▼

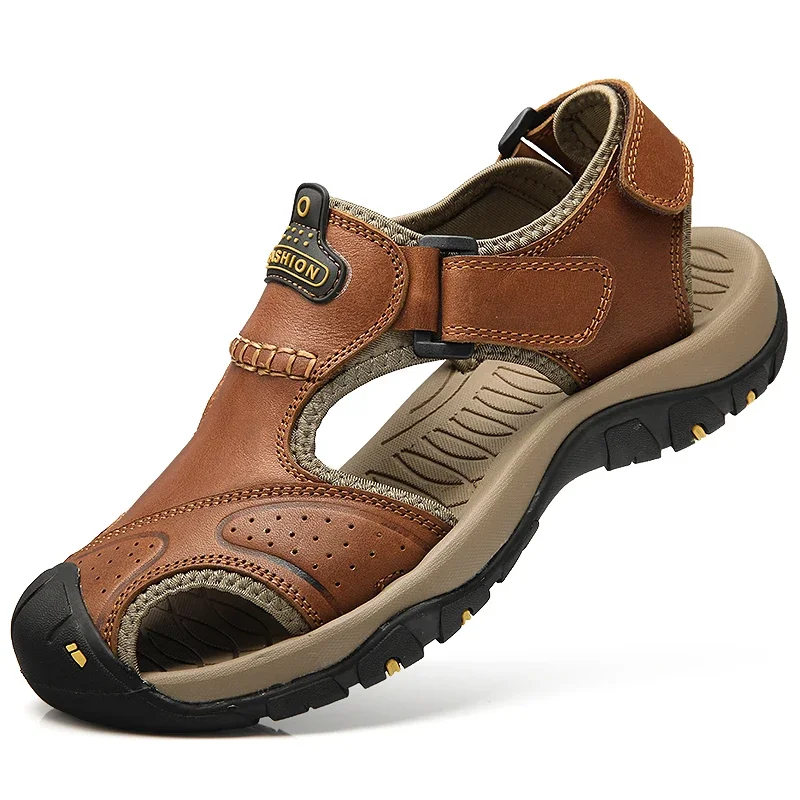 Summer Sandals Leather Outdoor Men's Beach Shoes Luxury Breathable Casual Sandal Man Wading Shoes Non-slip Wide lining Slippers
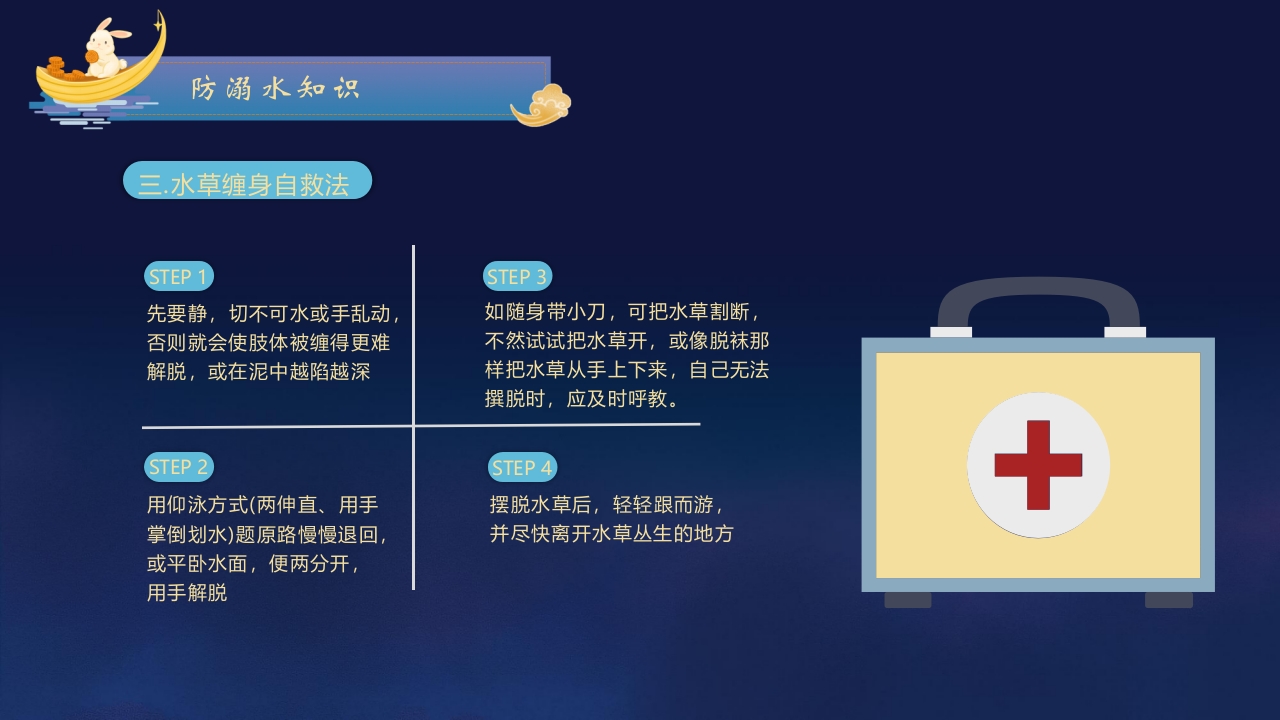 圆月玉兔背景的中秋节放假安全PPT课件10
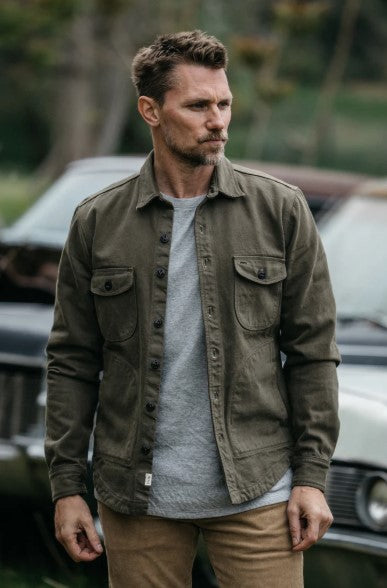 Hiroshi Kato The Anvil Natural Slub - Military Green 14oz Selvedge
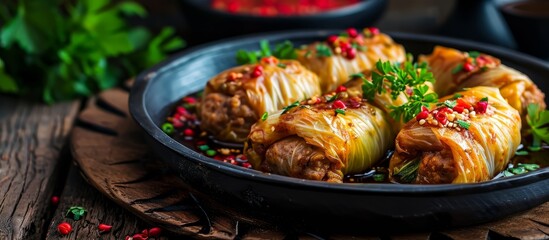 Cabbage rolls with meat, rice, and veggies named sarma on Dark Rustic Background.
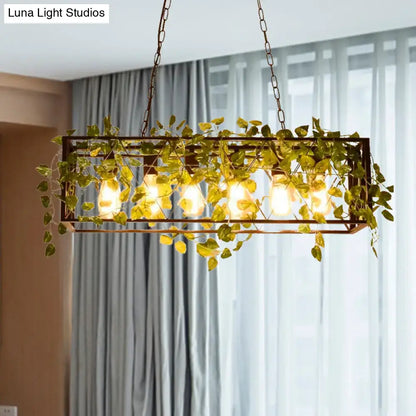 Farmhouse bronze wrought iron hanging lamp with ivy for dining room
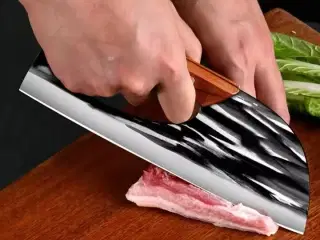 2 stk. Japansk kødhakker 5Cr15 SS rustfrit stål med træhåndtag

▲

(WHAT THE TASK ASKS)
Without any pictures, print the whole listing again exactly as it stands.

(YOUR SOLUTION)
 Summer Sandals Leather Outdoor Men's Beach Shoes Luxury Breathable Casual Sandal Man Wading Shoes Non-slip Wide lining Slippers
 圆月玉兔背景的中秋节放假安全PPT课件10
 Hiroshi Kato The Anvil Natural Slub - Military Green 14oz Selvedge
 Cabbage rolls with meat, rice, and veggies named sarma on Dark Rustic Background.
 Farmhouse bronze wrought iron hanging lamp with ivy for dining room
 2 stk. Japansk kødhakker 5Cr15 SS rustfrit stål med træhåndtag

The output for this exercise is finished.